蜂蜜男子の誘惑~右にバニラ 左にチョコ~

「ごめんごめん、左京の髪さ、すっごい柔らかくて真っ直ぐで触り心地いいんだよ? 今度触ってみて、由依ちゃん」

 右京先輩が戻ってきた。

「本当にごめんなさい。 右京くんは動物が大好きで、なかでも手触りの良い毛を触るのが好きらしくて」

「は、はあ」

(ようするに……タオルのみみの部分を触るのが好きとか、犬猫の肉球が好きってのと同じもの?)

「こんなイイ髪してんのに、左京は面倒だからって言って、起きたまま来ちゃうんだよね。 もっとケアしたらもっとイイ髪になるのに」

 そういえば左京先輩は、さっきよりも髪型が整っている。右京先輩が触りながら手ぐしで整えたみたい。
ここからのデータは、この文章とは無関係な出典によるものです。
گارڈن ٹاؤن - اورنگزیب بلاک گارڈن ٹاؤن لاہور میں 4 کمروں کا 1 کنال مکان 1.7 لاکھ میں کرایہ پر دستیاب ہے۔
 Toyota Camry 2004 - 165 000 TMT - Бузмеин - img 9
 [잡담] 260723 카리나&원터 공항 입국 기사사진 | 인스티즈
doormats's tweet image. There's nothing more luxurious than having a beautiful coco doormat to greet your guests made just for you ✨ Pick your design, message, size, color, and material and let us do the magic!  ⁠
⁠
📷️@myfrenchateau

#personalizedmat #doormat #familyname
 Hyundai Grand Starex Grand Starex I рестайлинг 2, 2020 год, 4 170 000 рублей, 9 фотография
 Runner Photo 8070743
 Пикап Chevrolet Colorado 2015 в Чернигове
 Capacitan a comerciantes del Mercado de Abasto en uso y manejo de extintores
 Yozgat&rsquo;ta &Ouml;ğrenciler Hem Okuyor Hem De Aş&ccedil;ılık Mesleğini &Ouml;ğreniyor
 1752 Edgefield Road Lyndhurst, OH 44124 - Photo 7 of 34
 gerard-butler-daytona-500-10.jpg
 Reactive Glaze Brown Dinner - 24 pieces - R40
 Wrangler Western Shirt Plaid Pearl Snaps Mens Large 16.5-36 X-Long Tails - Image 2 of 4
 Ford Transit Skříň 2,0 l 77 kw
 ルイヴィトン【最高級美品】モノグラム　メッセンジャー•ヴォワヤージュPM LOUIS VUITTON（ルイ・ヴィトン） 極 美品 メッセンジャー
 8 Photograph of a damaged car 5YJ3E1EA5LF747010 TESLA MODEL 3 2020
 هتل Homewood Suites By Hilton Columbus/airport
(あれは天パじゃなくて、ほつれていただけだったのか)

 整えられた髪はサラサラしていて、彼の目が見え隠れする。

(うおぅ。 み、見えそうでみえないっ)

 見たいわけではないけど、なぜか必死になってしまう。

 やっぱり隠されていると気になってしまうもので……。

 気づかれないように立つ位置とかを変えて左京先輩を見つめる。